While working with the poll data and comparing it with the results of the previous polls in 2018 and 2019 we came across interesting connection between person’s self-identification as a native Russian or Ukrainian language speaker (it is necessary to distinguish those people who speak mostly Russian but state that their native language is Ukrainian from people who do state Russian as a native language), political affiliation and a preference for the propaganda messages.

Usually, difference in susceptibility of the Ukrainian citizens to the Russian propaganda messages is attributed to the region of living. While it is true and the poll results support such argument, it does not explain why inhabitants of the different regions choose or reject certain messages.

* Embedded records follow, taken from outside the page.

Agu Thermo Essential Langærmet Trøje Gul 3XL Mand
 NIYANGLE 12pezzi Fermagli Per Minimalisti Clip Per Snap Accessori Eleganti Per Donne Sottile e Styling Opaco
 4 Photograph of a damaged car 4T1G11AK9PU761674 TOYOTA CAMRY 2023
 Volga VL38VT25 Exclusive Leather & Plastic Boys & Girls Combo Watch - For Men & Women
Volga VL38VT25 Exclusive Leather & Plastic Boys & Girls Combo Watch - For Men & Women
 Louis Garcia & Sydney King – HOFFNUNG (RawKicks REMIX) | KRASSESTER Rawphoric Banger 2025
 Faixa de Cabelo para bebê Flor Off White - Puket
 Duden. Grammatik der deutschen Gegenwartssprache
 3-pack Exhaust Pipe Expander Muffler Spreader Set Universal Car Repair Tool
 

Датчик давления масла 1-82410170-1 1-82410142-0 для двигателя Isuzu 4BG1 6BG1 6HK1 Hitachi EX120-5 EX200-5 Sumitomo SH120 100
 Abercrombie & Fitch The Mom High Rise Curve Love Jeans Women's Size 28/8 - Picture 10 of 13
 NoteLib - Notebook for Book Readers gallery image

According to the statistical analysis of the poll data, we argue that there is a strong connection between respondent’s self-identification as a bearer of the Russian language and his/her choice of the Russian propaganda messages. The strongest dependency is observed on the topic of Maidan (.39), Ukraine’s responsibility for the war in Donbas (.37), interpretation of the ban on Russian show-biz as a violation of rights (.34) and a conflict as a civil war (.33). Although dependency of choice of a message about IMF external control over Ukraine is weaker (.25), factor of native language is still more important than factor of respondents age (.11).

The case of messages about IMF is especially important because it shows that it is more dependent on a political affiliation of the respondent and his decision to vote for the certain party (.29). Same strength of connection between choice of Russian propaganda message and political affiliation is found on issue of the Russian show-biz ban (.30).

In the tables and in the following text we argue that respondent’s native language and his/her political affiliation are important factors that make him/her susceptible to the Russian messages, which we tested during the poll.

At the same time we can argue that influence of the Russian propaganda, particularly in the eastern and southern regions (and to a less extent in the central Ukraine), depends not only on the cultural preconditions like native Russian language of the respondents but also on the active political campaigning of the certain Ukrainian parties. The longer these parties use Russian propaganda toolbox the stronger Russian narratives become in the future.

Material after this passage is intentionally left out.